Tangentially, I think open source can be very dangerous. I have one great example: Godot 3.2+ compared to 2.1. I’ve converted my game from 2.1 to 3.0 stable a couple years ago. Had a plethora of issues in 3.0 (tile flickering, audio crackling, etc). My project is rather large, 20,000~ LoC, and I eventually got tired of being a beta tester and reporting issues for over half a decade. I said hell with it, and started to convert everything back over to a modified 2.1 stable. 2D performance is better, no tilemap flickering, polyphony support, window initialization is faster, UX is smoother, menus in editor are easier to navigate, so many more positives I could go on. Workflow speed has increased so much by switching back. And most importantly, no game-breaking bugs and it’s production ready!

This part might seem irrelevant at first but it’s very important. People wonder why there are no “big games” with Godot. Why? Because with such an influx of contributors, the bugs scale off PRs. It’s a never-ending issue and becomes worse over time. This does not only apply to Godot’s repo, but to any big open source project. This can be mitigated by the community manager / repo owner to only merge game-breaking issues, but in Godot’s case, it’s a mix. They will merge game-breaking fixes, but also merge new functionality (or new functionality masked as a bug fix). I’d rather use software and be confident in the end-product and have it production ready, compared to being a game developer and a beta tester of the same product! It was disheartening to read that GitHub issue where a developer released his gorgeous game on steam, and had a client crash (audio bug) infiltrate his game that was merged before a release.

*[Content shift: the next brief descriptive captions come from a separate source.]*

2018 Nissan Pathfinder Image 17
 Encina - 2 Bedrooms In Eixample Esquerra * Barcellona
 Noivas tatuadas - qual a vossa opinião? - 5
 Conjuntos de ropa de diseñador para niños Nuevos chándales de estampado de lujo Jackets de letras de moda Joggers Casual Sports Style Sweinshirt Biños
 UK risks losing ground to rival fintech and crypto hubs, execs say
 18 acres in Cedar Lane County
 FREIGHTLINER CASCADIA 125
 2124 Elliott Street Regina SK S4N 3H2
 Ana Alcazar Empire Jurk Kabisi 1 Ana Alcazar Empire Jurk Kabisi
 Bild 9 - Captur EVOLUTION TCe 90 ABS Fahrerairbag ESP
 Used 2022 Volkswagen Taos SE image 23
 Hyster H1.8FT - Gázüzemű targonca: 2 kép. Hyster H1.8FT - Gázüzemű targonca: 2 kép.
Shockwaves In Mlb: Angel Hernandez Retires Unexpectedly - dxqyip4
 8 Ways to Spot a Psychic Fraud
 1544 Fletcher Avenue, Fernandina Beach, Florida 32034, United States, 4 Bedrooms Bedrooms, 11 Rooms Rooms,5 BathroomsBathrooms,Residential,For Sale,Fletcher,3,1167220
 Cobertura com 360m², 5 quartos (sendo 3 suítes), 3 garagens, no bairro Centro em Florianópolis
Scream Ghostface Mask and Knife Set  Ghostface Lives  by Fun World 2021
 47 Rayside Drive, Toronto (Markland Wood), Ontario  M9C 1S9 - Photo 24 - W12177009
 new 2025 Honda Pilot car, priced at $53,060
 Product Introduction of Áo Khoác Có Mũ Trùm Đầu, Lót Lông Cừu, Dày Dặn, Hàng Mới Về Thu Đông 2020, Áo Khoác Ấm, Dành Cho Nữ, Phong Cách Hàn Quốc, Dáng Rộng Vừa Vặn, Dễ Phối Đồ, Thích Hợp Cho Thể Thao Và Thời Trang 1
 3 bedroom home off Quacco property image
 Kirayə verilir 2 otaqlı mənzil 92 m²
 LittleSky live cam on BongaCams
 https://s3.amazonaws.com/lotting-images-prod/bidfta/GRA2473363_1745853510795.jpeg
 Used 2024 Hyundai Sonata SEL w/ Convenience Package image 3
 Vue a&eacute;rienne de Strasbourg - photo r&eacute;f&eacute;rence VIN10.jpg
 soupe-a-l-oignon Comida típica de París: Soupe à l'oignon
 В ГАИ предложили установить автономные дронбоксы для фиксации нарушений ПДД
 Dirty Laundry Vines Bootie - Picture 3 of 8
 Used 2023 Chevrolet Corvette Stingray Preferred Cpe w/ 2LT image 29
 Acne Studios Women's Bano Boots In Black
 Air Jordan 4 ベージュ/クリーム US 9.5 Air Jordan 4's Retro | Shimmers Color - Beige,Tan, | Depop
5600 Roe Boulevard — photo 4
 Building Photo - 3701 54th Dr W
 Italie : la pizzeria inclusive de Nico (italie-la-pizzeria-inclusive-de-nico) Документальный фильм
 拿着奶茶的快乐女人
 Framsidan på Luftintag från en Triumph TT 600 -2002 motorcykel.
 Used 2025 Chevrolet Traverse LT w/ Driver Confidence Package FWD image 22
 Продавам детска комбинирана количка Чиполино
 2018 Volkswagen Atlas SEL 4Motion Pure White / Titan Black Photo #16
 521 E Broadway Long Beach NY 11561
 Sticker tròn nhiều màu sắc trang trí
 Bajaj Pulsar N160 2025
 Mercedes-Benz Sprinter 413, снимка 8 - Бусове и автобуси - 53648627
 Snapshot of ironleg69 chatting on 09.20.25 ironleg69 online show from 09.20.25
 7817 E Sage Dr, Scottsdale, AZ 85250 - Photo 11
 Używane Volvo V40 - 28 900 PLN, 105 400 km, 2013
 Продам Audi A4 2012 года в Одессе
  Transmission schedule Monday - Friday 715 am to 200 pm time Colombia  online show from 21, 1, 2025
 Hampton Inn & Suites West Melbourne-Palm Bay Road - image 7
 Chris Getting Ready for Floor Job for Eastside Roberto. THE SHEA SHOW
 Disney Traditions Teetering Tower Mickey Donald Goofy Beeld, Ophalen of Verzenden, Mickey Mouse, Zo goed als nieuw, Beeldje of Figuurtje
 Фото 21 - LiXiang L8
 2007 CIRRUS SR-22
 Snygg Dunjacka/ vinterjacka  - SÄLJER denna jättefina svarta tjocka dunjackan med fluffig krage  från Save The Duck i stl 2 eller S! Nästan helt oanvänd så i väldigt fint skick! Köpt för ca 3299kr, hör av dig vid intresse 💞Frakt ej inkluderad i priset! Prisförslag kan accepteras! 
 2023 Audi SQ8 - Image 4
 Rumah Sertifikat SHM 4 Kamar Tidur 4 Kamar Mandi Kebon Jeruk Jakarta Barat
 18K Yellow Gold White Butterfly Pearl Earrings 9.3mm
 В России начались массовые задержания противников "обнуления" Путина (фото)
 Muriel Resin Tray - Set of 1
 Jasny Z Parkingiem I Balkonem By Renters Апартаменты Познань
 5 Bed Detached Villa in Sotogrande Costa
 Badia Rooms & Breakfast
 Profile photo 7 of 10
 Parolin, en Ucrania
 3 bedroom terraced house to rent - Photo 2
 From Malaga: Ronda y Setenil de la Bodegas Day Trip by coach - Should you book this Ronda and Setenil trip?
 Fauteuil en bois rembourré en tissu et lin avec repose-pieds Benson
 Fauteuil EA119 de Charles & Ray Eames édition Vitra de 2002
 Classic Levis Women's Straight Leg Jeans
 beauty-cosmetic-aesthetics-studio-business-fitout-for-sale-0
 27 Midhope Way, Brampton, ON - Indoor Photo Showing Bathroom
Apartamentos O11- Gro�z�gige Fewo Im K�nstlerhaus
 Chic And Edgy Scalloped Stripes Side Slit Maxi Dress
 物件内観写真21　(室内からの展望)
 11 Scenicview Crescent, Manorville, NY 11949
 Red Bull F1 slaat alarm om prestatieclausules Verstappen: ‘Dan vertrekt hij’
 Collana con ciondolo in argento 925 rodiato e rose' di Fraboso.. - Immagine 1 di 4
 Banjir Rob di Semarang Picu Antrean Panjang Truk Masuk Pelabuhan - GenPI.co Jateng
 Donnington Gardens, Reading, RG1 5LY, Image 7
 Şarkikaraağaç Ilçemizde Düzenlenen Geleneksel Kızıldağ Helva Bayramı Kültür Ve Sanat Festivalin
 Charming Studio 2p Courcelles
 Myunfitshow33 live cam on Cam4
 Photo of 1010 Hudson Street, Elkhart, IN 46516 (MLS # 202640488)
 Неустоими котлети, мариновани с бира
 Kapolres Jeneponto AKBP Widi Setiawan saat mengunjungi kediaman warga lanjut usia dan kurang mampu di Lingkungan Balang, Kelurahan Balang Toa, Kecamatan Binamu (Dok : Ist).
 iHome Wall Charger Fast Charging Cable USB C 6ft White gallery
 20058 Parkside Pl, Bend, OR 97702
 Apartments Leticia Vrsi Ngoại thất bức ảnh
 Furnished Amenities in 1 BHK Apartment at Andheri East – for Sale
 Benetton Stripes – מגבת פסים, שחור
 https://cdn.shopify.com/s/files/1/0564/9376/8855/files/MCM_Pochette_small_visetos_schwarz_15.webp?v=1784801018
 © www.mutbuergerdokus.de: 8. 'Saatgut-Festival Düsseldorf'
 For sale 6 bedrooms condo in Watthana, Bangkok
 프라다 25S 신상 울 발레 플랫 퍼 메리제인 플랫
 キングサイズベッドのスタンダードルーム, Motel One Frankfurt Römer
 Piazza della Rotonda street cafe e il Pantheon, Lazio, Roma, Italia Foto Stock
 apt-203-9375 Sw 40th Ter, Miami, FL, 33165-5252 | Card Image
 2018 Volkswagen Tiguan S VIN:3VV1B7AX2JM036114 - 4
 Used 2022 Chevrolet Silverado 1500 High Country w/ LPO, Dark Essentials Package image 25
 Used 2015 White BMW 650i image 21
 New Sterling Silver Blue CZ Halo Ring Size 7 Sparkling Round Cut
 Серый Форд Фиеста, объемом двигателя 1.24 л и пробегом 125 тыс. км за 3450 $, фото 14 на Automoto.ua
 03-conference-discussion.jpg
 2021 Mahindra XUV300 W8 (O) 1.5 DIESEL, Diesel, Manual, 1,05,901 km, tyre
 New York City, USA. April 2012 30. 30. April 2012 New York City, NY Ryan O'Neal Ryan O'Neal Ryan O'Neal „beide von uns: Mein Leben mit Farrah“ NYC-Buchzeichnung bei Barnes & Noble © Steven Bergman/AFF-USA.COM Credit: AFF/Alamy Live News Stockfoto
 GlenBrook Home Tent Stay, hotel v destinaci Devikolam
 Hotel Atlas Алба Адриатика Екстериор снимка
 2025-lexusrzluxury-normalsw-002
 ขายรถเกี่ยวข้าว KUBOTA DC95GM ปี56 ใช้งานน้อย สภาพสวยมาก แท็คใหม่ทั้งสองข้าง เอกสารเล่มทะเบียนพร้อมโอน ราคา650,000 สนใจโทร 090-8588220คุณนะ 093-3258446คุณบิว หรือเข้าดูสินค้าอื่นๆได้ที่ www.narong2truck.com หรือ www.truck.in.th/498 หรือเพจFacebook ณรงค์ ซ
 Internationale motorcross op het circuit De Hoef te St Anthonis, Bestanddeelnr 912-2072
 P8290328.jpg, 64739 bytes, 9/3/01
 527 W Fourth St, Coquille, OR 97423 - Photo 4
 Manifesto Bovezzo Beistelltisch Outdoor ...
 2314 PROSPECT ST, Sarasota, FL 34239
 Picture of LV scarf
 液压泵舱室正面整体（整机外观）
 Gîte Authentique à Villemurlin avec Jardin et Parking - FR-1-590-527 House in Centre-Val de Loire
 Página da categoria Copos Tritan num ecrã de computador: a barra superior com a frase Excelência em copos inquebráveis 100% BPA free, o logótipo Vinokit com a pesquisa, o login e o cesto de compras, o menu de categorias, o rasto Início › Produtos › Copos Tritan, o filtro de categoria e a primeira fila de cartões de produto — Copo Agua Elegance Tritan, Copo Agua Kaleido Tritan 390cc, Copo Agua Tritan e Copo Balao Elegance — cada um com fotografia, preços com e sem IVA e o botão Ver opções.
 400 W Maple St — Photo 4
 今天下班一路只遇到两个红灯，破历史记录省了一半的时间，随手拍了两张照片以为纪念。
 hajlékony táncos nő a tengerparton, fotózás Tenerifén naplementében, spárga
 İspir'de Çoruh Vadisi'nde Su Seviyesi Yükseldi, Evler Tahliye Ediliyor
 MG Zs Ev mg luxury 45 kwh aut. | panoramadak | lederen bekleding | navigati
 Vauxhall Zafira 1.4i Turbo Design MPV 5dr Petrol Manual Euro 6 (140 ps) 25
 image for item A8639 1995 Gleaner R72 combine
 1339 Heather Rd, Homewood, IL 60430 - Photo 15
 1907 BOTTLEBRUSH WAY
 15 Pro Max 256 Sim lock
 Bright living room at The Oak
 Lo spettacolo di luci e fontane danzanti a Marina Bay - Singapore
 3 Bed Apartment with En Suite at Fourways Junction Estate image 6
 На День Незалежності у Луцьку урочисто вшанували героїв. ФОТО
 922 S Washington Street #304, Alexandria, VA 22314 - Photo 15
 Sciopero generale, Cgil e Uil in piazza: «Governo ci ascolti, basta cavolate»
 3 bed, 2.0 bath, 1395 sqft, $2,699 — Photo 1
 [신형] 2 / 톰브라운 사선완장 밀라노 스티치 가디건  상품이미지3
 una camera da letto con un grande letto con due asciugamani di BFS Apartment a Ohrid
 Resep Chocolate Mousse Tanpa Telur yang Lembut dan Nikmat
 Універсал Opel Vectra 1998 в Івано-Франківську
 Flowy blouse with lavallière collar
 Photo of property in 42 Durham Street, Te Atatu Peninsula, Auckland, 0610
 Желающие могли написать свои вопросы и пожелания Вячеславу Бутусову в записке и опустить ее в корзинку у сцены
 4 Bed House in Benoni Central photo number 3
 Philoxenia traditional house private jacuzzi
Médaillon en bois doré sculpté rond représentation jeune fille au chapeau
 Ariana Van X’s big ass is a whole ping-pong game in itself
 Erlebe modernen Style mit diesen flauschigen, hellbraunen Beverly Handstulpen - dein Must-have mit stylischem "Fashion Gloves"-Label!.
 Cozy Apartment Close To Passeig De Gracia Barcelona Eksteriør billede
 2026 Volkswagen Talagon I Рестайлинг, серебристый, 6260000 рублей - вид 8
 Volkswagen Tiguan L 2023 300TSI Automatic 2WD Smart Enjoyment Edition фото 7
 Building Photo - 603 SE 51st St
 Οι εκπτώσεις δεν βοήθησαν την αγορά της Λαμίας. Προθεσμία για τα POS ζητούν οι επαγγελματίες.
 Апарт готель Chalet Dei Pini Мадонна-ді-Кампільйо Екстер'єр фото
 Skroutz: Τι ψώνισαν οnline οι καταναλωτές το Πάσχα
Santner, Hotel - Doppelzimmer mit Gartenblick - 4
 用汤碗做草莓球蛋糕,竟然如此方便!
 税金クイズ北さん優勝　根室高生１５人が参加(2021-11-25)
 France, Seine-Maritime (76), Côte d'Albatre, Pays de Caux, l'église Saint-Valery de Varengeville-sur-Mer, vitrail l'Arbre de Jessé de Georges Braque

Speaking about software stability, I just realized how fortunate we are with Crystal’s stability. You mix Crystal with Godot 2.1 and it’s a match made in heaven. Crystal does not have as many contributors as Godot (but to be honest, I can see this being a good thing). I’d rather have a stable application with less functionality, than one with more functionality that is littered with bugs and causes instability. Especially when the current functionality is more than enough. It’s not just about more features, which sadly, in Godot’s case, I think that’s where it’s heading.